### Data under study
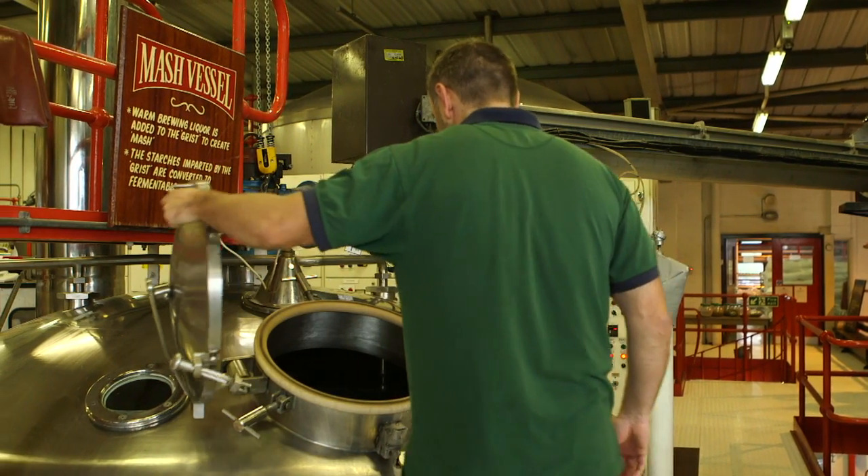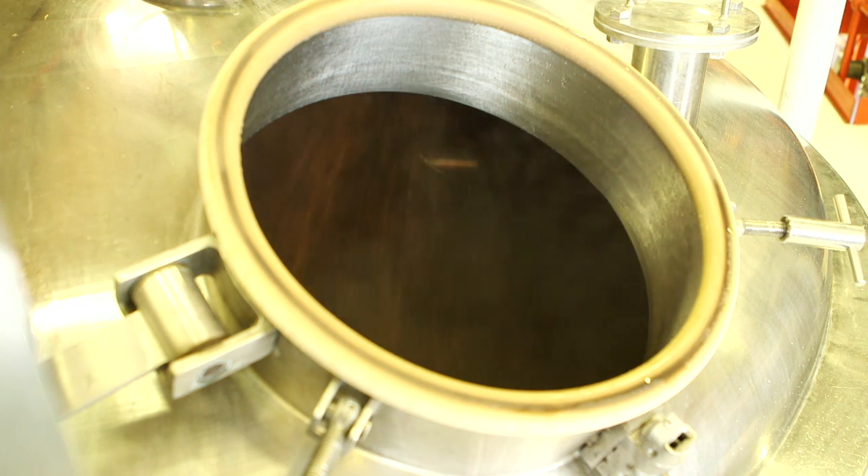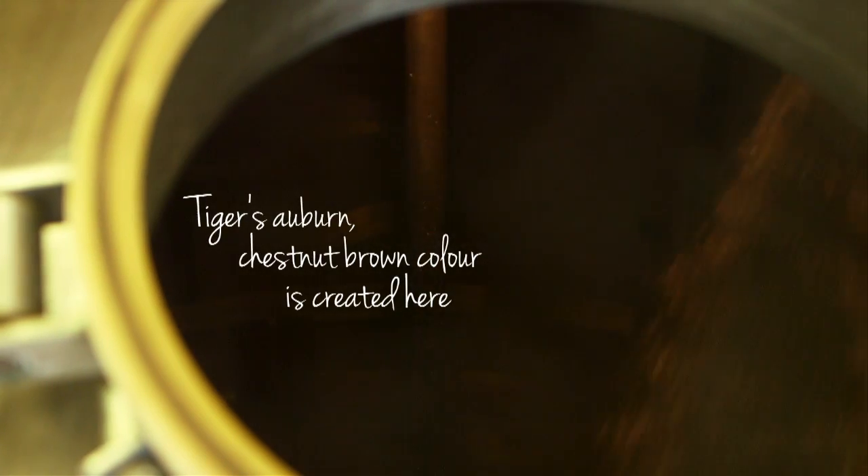Initially you get a hot liquor that goes in with the malt and that mixes round, which is called the mash. Mashing creates colour and flavour. We extract the sugar which is later converted into alcohol.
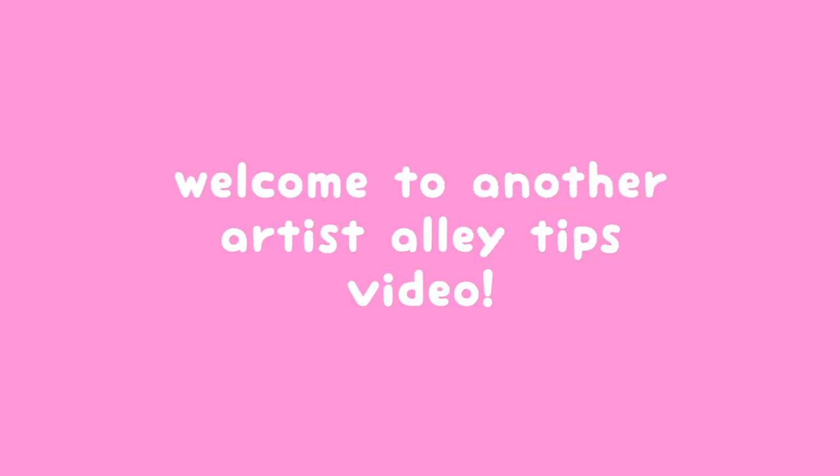Hello friends! Welcome to another Artist Alley's Tips video. Today we'll be talking about buttons. So let's begin!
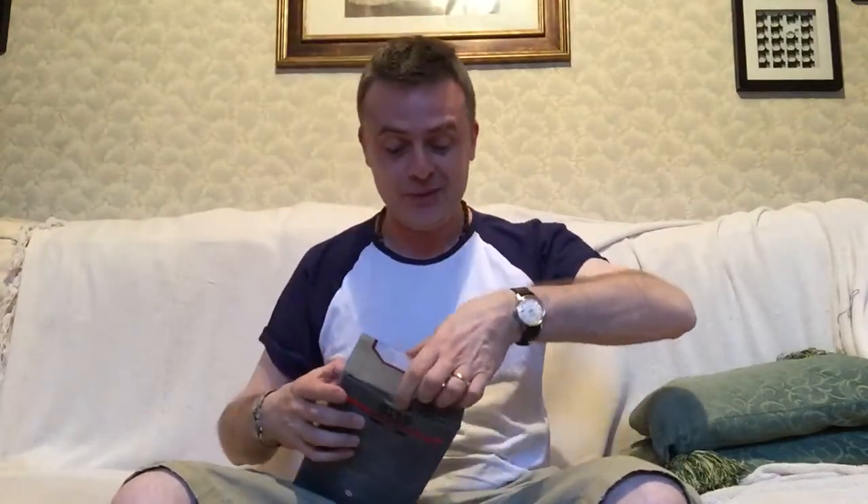Hey guys, it's Lost Skull and on the Spence Couch today I'm going to be unboxing and reviewing this FN-2187, the Elite Series. This is obviously Finn in the Stormtrooper armour, so let's check him out.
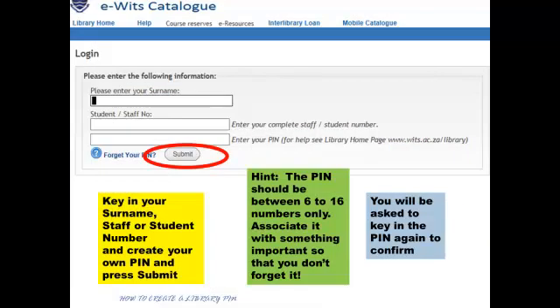Key in your surname, staff or student number, and create your own PIN and press Submit. The PIN should be between 6 and 16 numbers only, associated with something important so that you don't forget it.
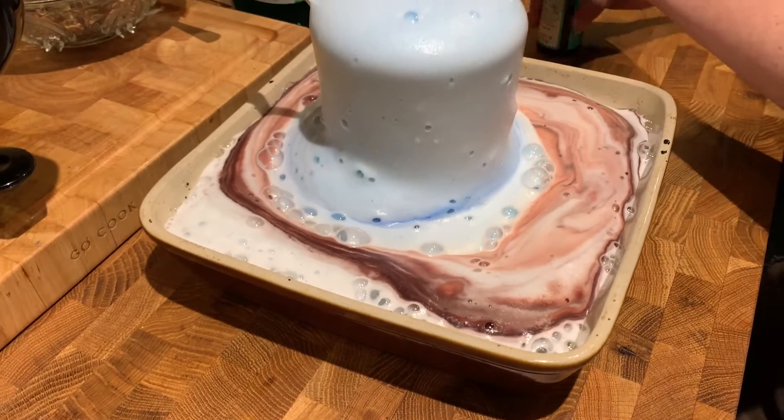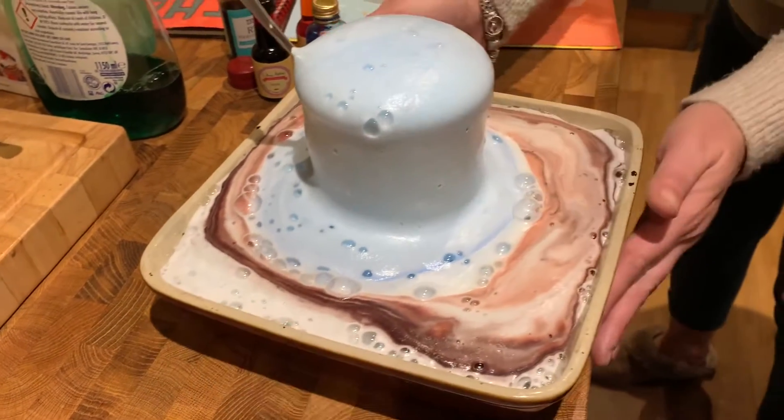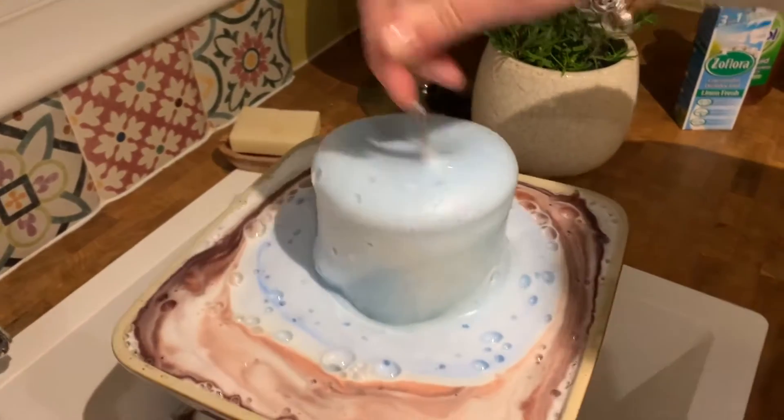It's gonna overflow! Let mommy move — no, it's gonna overflow, mom! Quickly, to the sink — going through the sink! Oh my god, oh my god, wait.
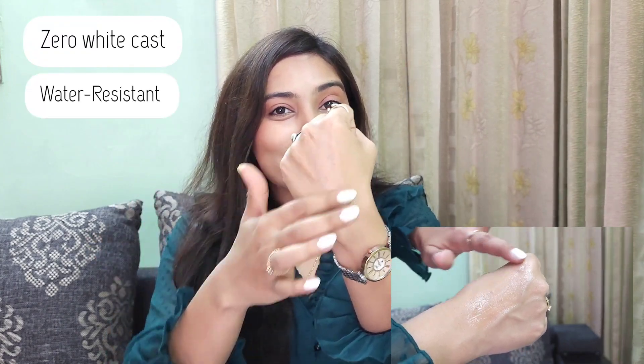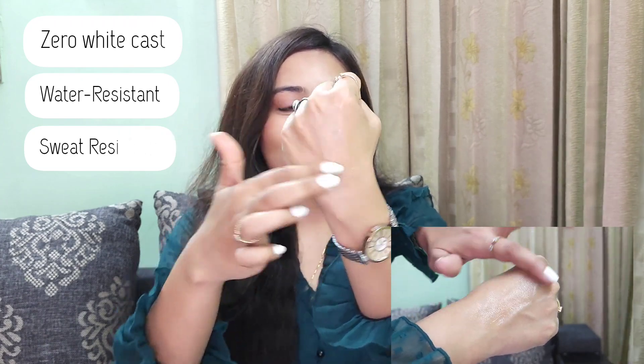The texture is something like this — it is invisible. You can't see anything on your skin when you blend it, and there is zero white cast. It is also water resistant and sweat resistant. You can clearly see this texture. It will take some time to absorb into your skin — it will not immediately absorb, so initially you might feel it is oily. But give it a little time and it will absorb. It is very lightweight. Re-application as a second layer is very easy — it will not pill.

### What the exercise asks
Above are the records; return them exactly, minus the pictures.

### Exercise output
Initially you get a hot liquor that goes in with the malt and that mixes round, which is called the mash. Mashing creates colour and flavour. We extract the sugar which is later converted into alcohol.
Hello friends! Welcome to another Artist Alley's Tips video. Today we'll be talking about buttons. So let's begin!
Hey guys, it's Lost Skull and on the Spence Couch today I'm going to be unboxing and reviewing this FN-2187, the Elite Series. This is obviously Finn in the Stormtrooper armour, so let's check him out.
Key in your surname, staff or student number, and create your own PIN and press Submit. The PIN should be between 6 and 16 numbers only, associated with something important so that you don't forget it.
It's gonna overflow! Let mommy move — no, it's gonna overflow, mom! Quickly, to the sink — going through the sink! Oh my god, oh my god, wait.
The texture is something like this — it is invisible. You can't see anything on your skin when you blend it, and there is zero white cast. It is also water resistant and sweat resistant. You can clearly see this texture. It will take some time to absorb into your skin — it will not immediately absorb, so initially you might feel it is oily. But give it a little time and it will absorb. It is very lightweight. Re-application as a second layer is very easy — it will not pill.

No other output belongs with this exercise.